Come finì? Il preside disse di non poter far nulla, e comunque mancavano pochi giorni alla fine della scuola. Dopo gli esami di terza media, non la vidi più. Andò a vivere in Nord Italia, dove abitava prima di venire nel mio paese. Ci è stata tre anni, giusto il tempo di tormentare me.
Al liceo speravo di trovare la serenità, ma ormai la voce su di me si era sparsa: nessuno credeva alla mia versione dei fatti, essendo sola contro i miei compagni ipocriti e vigliacchi e ritenendo tutti Paola un mito. Cambiai scuola, ma in sincerità perché non mi piacevano le materie. Al professionale trovai alcuni amici, ma anche lì non mancarono i problemi, come un furto d’identità su facebook in terzo superiore.
Ti vergogni a raccontare queste cose, perché spesso non vieni creduta, ti senti dire ‘’se ti è sempre andata così, qualcosa hai’’.
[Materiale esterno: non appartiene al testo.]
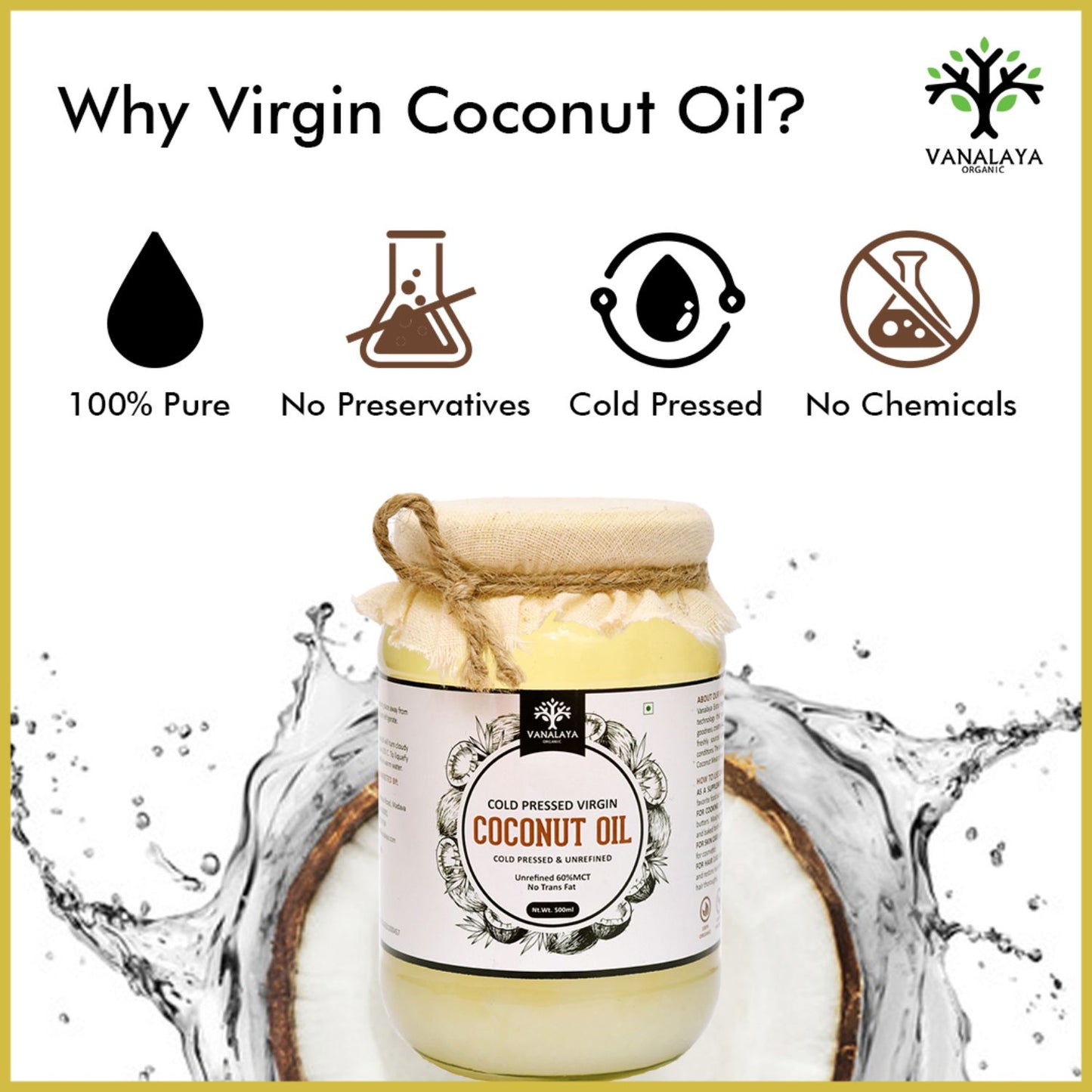 Vanalaya Cold Pressed Virgin Coconut oil Edible oil for Cooking skin Hair and Skin - 500ml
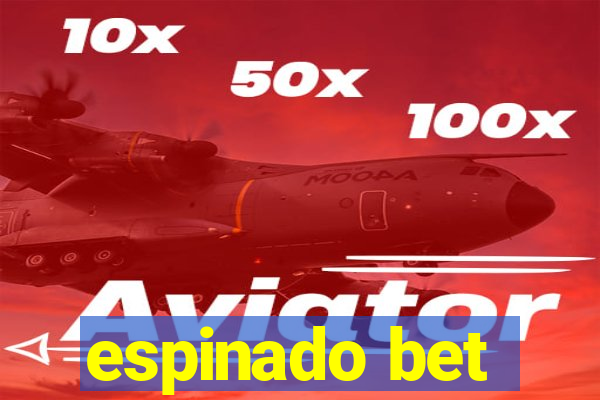 espinado bet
Cos’ho? Sono sincera, spontanea, ho personalità. Ecco cos’ho. E i bulli in realtà ammirano quelli come noi.
Paola incuteva soggezione ai suoi coetanei, perché tra bugie e verità si era creata l’immagine di una ragazza che eccelleva in tutto, era benestante, prendeva il treno da sola, l’aereo da sola, era indipendente. In realtà era una squilibrata con complessi d’inferiorità che si era creata un suo regno in classe, e io per lei rappresentavo una minaccia, oltre che invidiarmi.
Oggi so che non sono sbagliata, e faccio parte di un’ associazione contro il bullismo.